I was chatting with a girlfriend the other day, and I told her how I periodically like to clean up my Facebook profile. By “clean up” I mean remove older posts from my timeline and untag old photos. Today, while I was creating a physical photo album of my wedding, I got to thinking about why exactly I feel the need to do this. What makes photos and posts online different from a photo album on my shelf?
Here’s the big difference: The Internet remembers everything. Once information is up there, it is very, very hard to take it down. Photos are reproduced and saved elsewhere, status updates are shared, tweets are retweeted, and their reach grows exponentially. (A recent example is of the kids who asked their dad for a puppy and were told they could get one if they got one million “likes” on Facebook. Needless to say, they got the puppy.)

If you don’t manage your Facebook timeline carefully, those posts, inane comments, shares and unflattering photos will populate it forever. Unless you show some discretion (“having good judgement” or “being able to make responsible decisions”), comments, photos and the ugly details of a crazy evening out on the town could follow you online forever. We have all heard stories of how dubious photos or thoughtless status updates have cost people their relationships or their jobs – let’s not even talk about what tweeting a photo of your crotch can do for your career! Part of living in an online world is practicing online reputation management. Companies and brands do it to monitor conversations about them online, but individuals need to become more aware of the importance of allowing ourselves (and the Internet) to forget about episodes in our past.

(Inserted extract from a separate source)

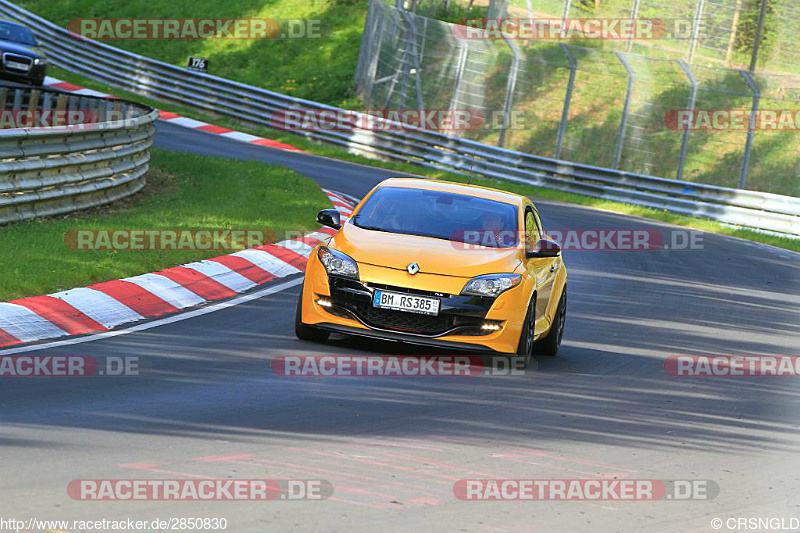 Bild #2850830 - Touristenfahrten Nürburgring Nordschleife 17.05.2017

We all like to reminisce. Sometimes we have memories that cause us pangs of embarrassment just to think of them. Something we said to someone, a lie we were caught in, an outfit we wore (what was I THINKING?? – it’s okay, it was the 90s). It is healthy to privately remember those moments and draw lessons from them for the future. But why does a status update need to remind everyone who can see our Facebook timeline about it? When you accept a friend request today, ask yourself if you really want that person whom you’ve most likely just met briefly at a dinner party to see the gory details of your college party days. There is always the possibility of taking the time to carefully manage our groups of friends and limit who can see what, but in the end even those who lived through experiences with you might not necessarily want to be reminded of them every time they click “view friendship.”
But most importantly, we need to remember how the information we share on places like Facebook, Twitter and Instagram affects people other than ourselves. Are you posting photos of yourself with friends or parents who aren’t on Facebook (yeah, I’m guilty)? Are you tagging people in unflattering photos? I have to admit to having gone through a Facebook phase in which I would post any and every photo I took, approve tags of all kinds of silly faces I made, and not think twice about posting a photo of myself with a friend or family member who isn’t on Facebook without asking permission.

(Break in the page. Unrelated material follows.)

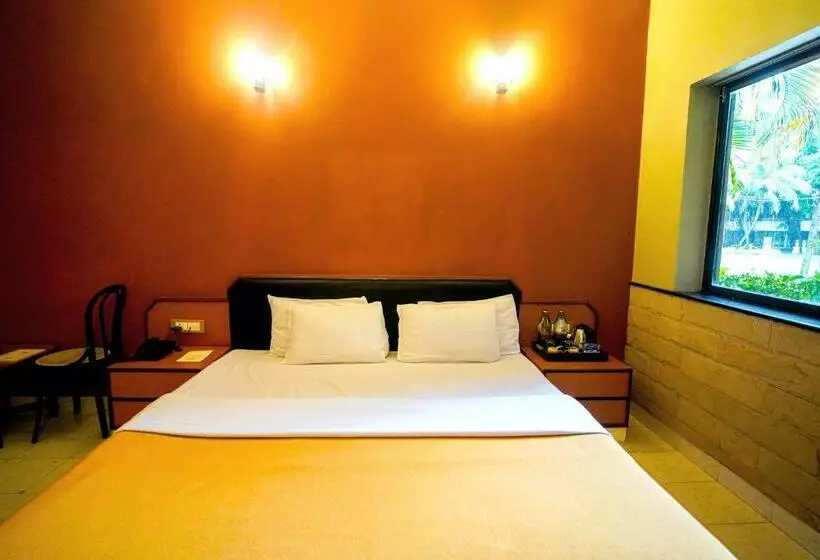 Economy-huone, Treasure Island Resorts Lonavala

It was my Chico who first challenged me to think more carefully about what kind of information I posted. I have no right to invade his privacy by sharing with everyone the fact that he hilariously wore mis-matching socks this morning (that’s just an example – that has never happened. That I know of.). Then, working on this website and consolidating and managing my personal brand online made me even more conscious of that fact. Doing a Google search of “the brain in jane” produced many surprising results that I hadn’t even realized would be visible publicly (nothing shocking, mind you, but that search was certainly informative). That’s when it hit me that even information that is posted “privately” online and doesn’t show up in a Google search is still present in a public space. The Internet is not, by any stretch of the imagination, private, no matter how strict your settings on social media.

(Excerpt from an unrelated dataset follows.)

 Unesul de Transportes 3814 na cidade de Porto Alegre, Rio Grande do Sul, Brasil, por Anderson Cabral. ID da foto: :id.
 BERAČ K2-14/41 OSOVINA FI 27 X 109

So my challenge for everyone, including myself, is to think twice before posting. Let’s ask ourselves, “How will someone else perceive this? Will it hurt someone’s feelings or offend unnecessarily? How will I feel about this when I read it in two weeks, two months or two years?” But most importantly, let’s ask ourselves, “How will my kid feel when he’s a teenager and he sees all the poop-related status updates and baby photos I’ve posted of him through the years?” How will he feel, indeed?